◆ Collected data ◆

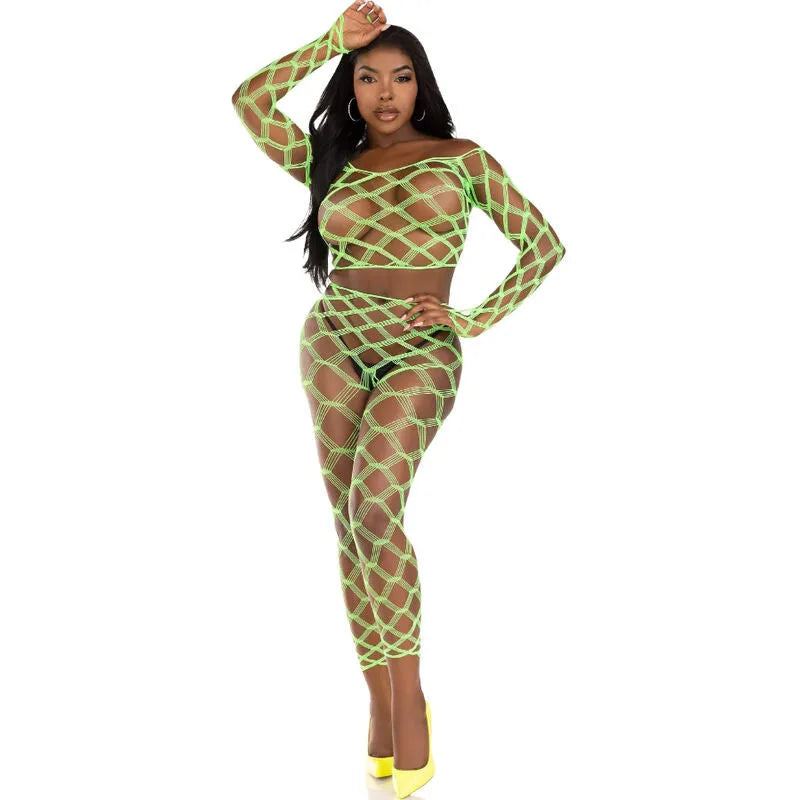 Ensemble deux pièces résille vert intense, haut court ajusté et bas moulant sans pieds, style audacieux et séduisant.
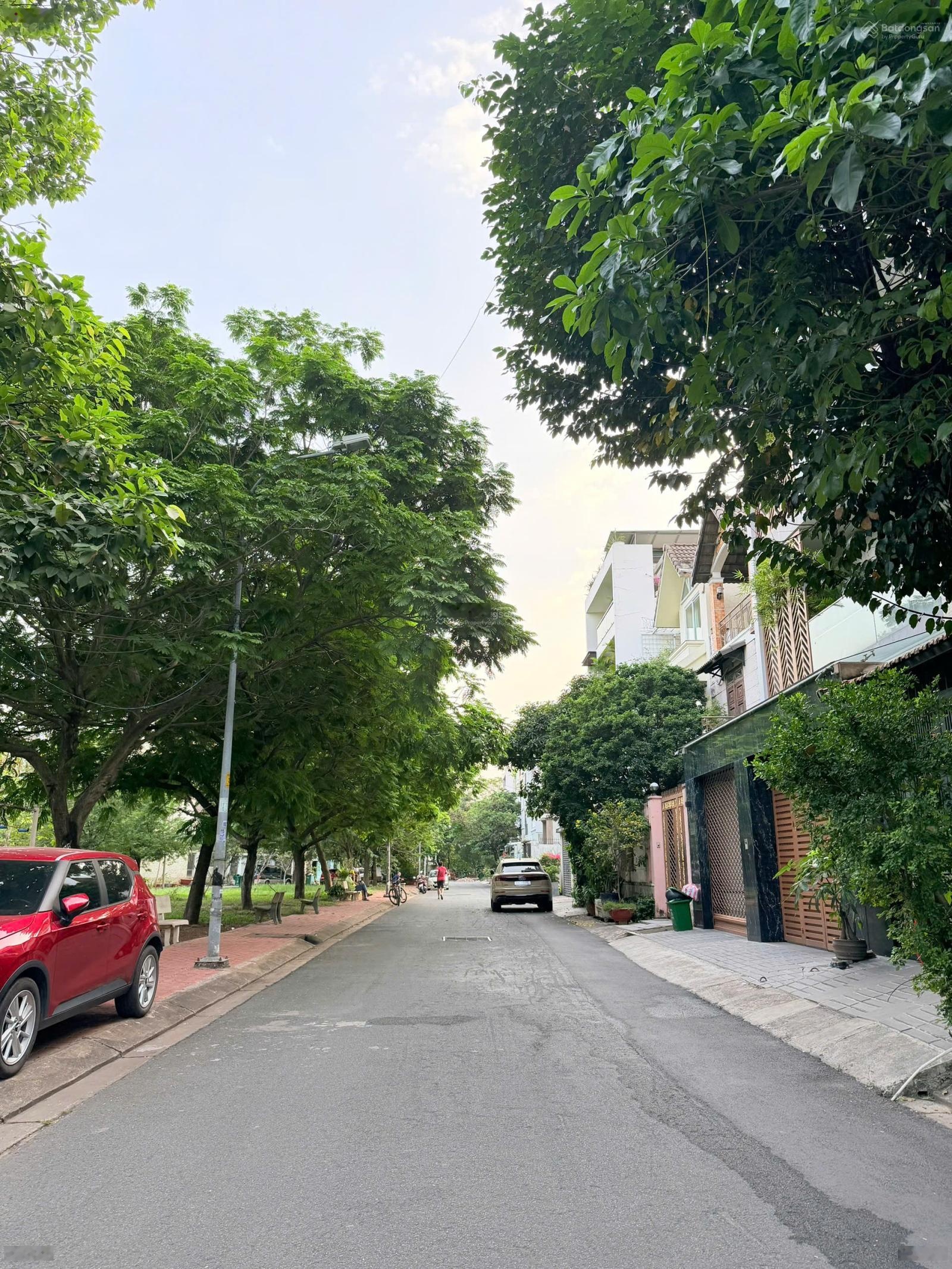 Bán đất view công viên ngay Cao Đức Lân, tiện xây Biệt thự, VP - 10x20m, XD hầm 4 tầng - 39 tỷ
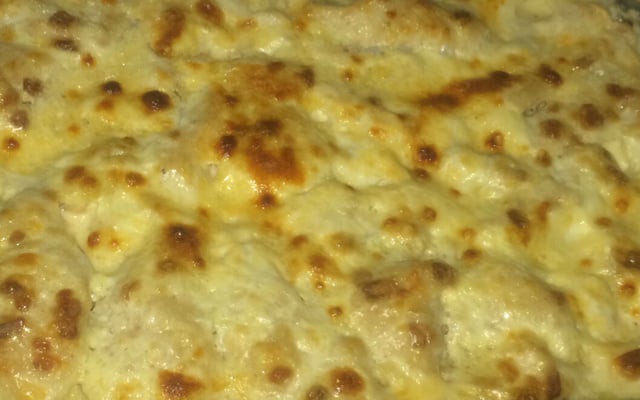 Filé de peito de frango ao forno com molho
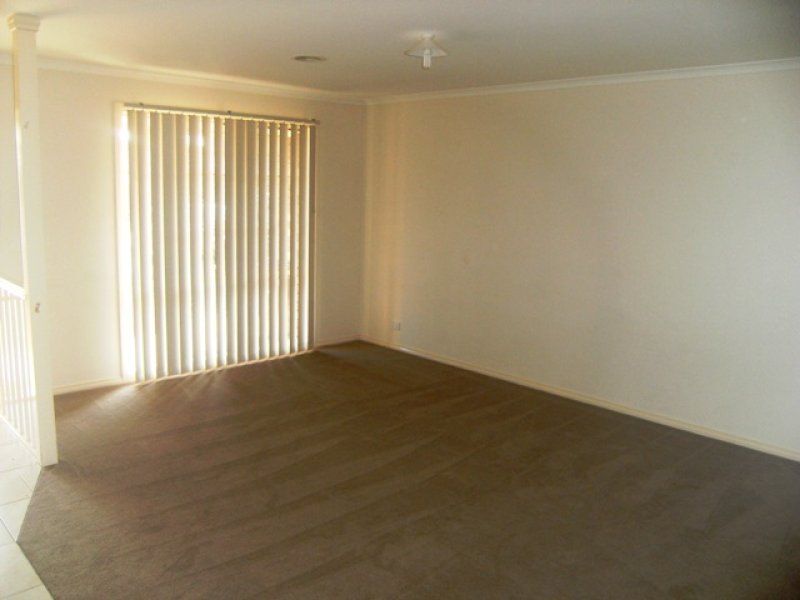 3 Nullarbor Place, Caroline Springs - Thumbnail 4
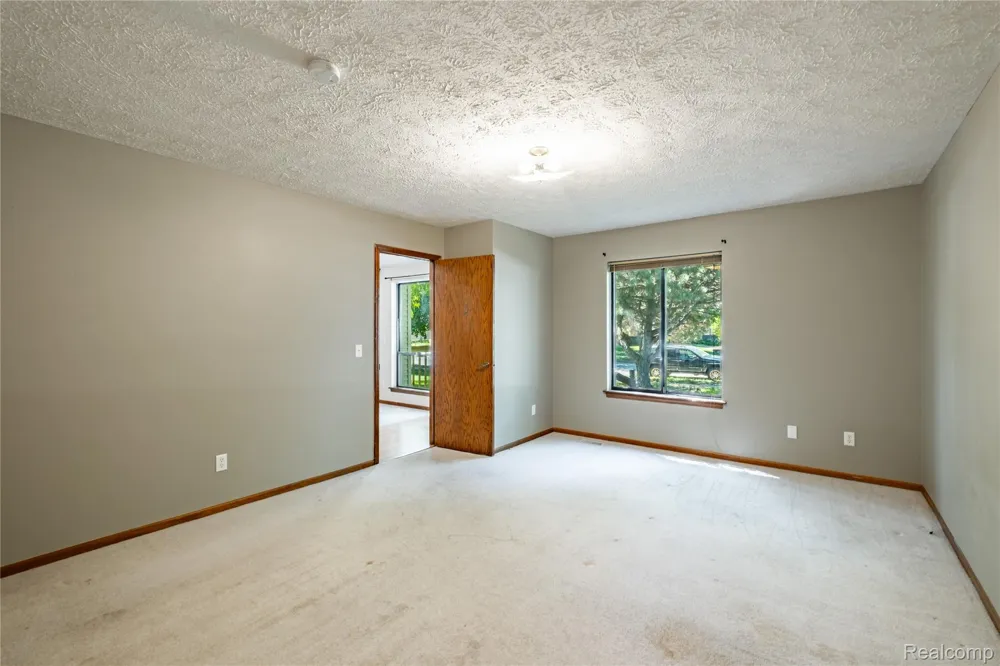 2925 Staten Avenue #6 Lansing City, MI 48910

◆ REQUIRED ACTION ◆
With the pictures removed, the entries above should be transcribed exactly.

◆ SOLUTION BELOW ◆
 Ensemble deux pièces résille vert intense, haut court ajusté et bas moulant sans pieds, style audacieux et séduisant.
 Bán đất view công viên ngay Cao Đức Lân, tiện xây Biệt thự, VP - 10x20m, XD hầm 4 tầng - 39 tỷ
 Filé de peito de frango ao forno com molho
 3 Nullarbor Place, Caroline Springs - Thumbnail 4
 2925 Staten Avenue #6 Lansing City, MI 48910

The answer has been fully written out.